焦糖炖蛋法式甜品 French Crème Brûlée Recipe

材料  

蛋黄  Egg Yolks  4只/pcs

黄糖  Brown Sugar  40克/g

淡忌廉  Whipping Cream  200毫升/ml

云呢拿条  Vanilla Seed  1/2支/pc

鲜奶  Milk  200 毫升/ml

顶部黄糖  Brown Sugar for top  6克/g

制作步骤 

1. 把黄糖加入蛋黄搅拌均匀。

2. 把鲜奶、淡忌廉、云呢拿籽一起煮沸。

3. 将步骤(2)加入步骤(1)中,搅拌均匀。

4. 过筛后倒进模具中。

5. 预热140°C焗炉,焗40钟(实际时间按焗炉火力而定)。

6. 出炉后放凉,再冷藏2小时

7. 在炖蛋面舖上黄糖,用火枪或热匙勺把糖烧至半透明。即成。

Steps 

1. Add brown sugar to egg yolk and mix well.

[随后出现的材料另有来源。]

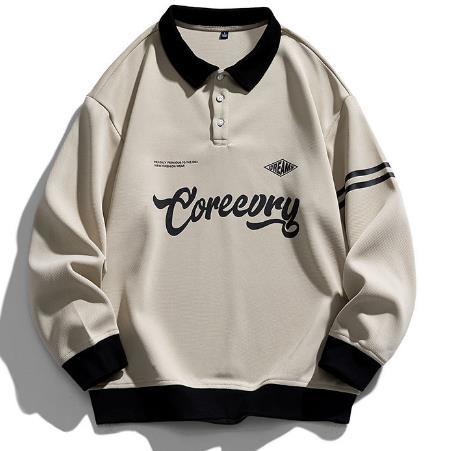 Do pulôver retro da lapela de S de Men do fabricante de roupa da quantidade pequena ' luva longa 100% poli com camiseta da cópia
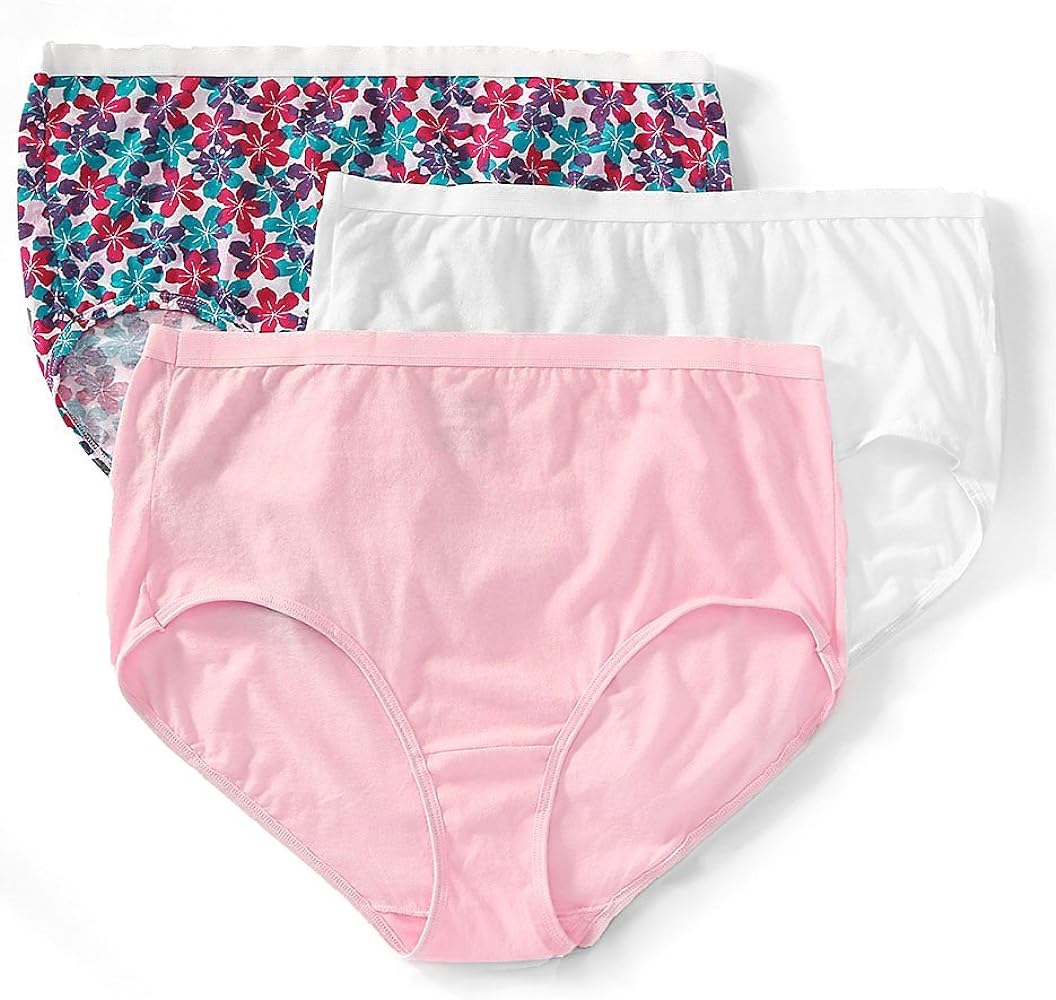 Fruit of the Loom Women's 3DBRASP Fit for Me Plus Size Cotton Brief Panties - 3 Pack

2. Boil fresh milk, Whipping cream and vanilla seeds together.

3. Add step (2) to step (1) and mix well.

4. Pour into mold after sieving.

5. Preheat the oven at 140°C and bake for 40 minutes (the actual time depends on the performance of the oven).

6. Let cool and refrigerate for 2 hours

7. Spread brown sugar on the top stewed egg, use a fire gun or a hot spoon to burn the sugar until transparent. Serve.